Six hundred Wyomingites and 1.3 million other Americans will lose their unemployment insurance benefits on Saturday.
The loss comes after Congress didn't renew the Emergency Unemployed Compensation program put into place in the wake of the 2008 financial meltdown.
Advocates for renewing the measure were hoping a provision to renew the program could slide into the Ryan-Murray budget that’s awaiting President Barack Obama’s signature. But a push for extending the subsidy might have prevented the compromise that helped usher the budget bill through both chambers — a feat unseen in Washington since 2009. Congress has authorized spending since then without voting on a new budget.

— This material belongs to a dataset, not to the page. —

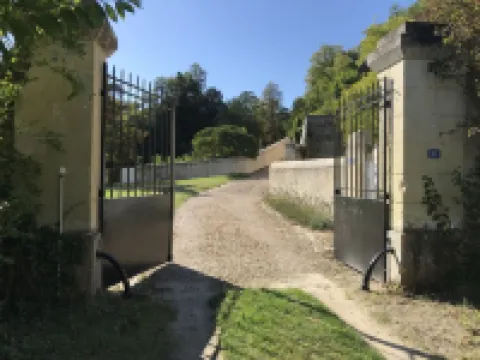 La Closerie, adorable house, park of the Ormeaux castle, 6 km from Amboise.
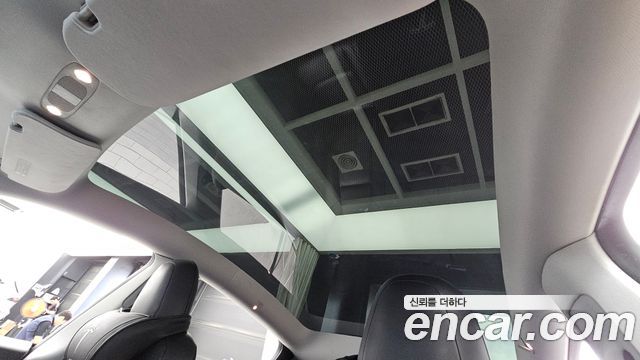 Tesla Model Y 2021 — photo 25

President George W. Bush and the 111th Congress enacted the measure shortly after the Great Recession took hold. Proponents of an extension say it’s necessary because the nation still has 1.5 million fewer jobs than it did in 2008, when the program went into effect, according to a report from U.S. House Democrats in the Ways and Means Committee.

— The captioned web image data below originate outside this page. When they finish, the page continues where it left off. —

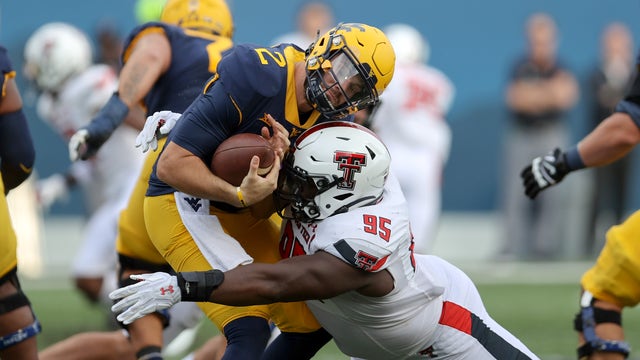 Garibay late FG lifts Texas Tech past West Virginia 23-20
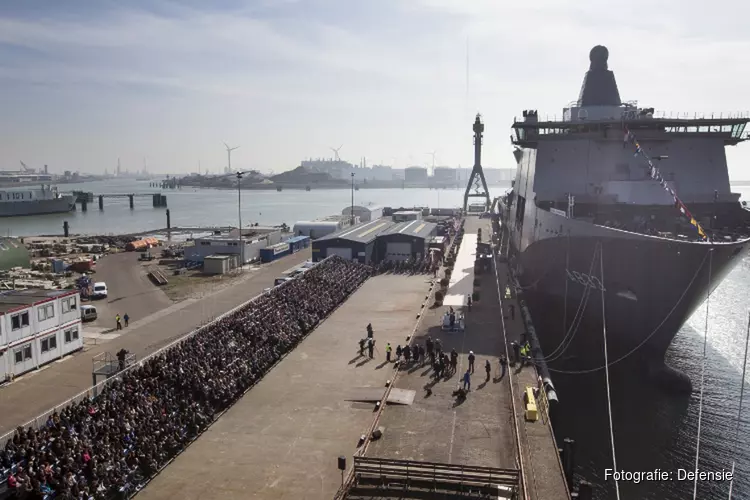 Storm Ciara rukt Zr. Ms. Karel Doorman los van kade marinehaven: slepers uren in touw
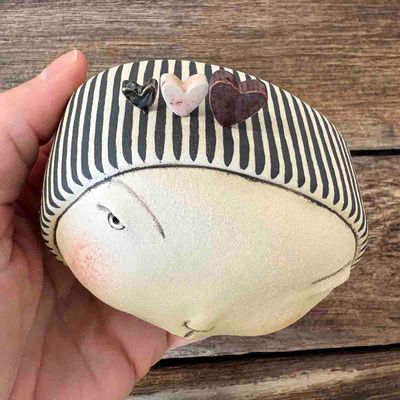 Lykkebringer, skulptur til vegg ca 9x7 cm (16)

The insurance gave extra financial help to people who had been out of work for between 26 and 40 weeks. Congress has reduced the number of weeks for which an eligible person could receive benefits in the past two years. At one time the benchmark was 99 weeks.

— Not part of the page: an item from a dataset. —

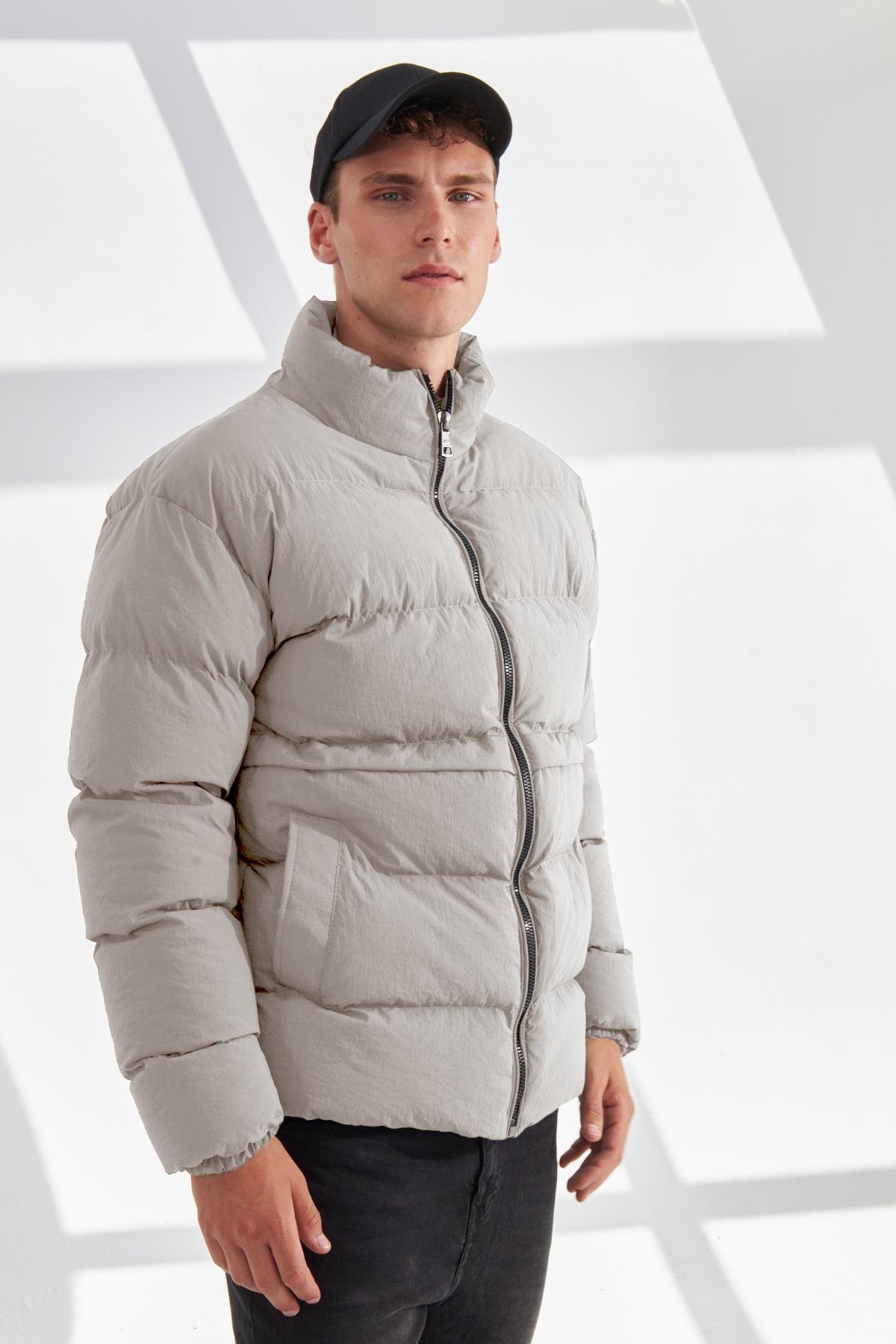 Su ve Rüzgar Geçirmez Erkek Şişme Mont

Benefit recipients who qualified for the program didn’t quit and weren’t terminated by their prior employer. They were either laid off or had another circumstance force them to lose their job. They had to actively be looking for a job in order to receive the payments.
The maximum a person could receive was $471 per week. The minimum was $35, and the average was $300, according to the Wyoming Department of Workforce Services. The amounts depended on wages previously earned.
This year wasn’t a good year for Americans dependent upon government programs. The budget cuts known as sequestration hit domestic programs and cost the country 750,000 fewer new jobs from being created or retained, according to the Congressional Budget Office.
A provision giving a larger monthly amount of food stamps to Supplemental Nutrition Assistance Program beneficiaries also ended.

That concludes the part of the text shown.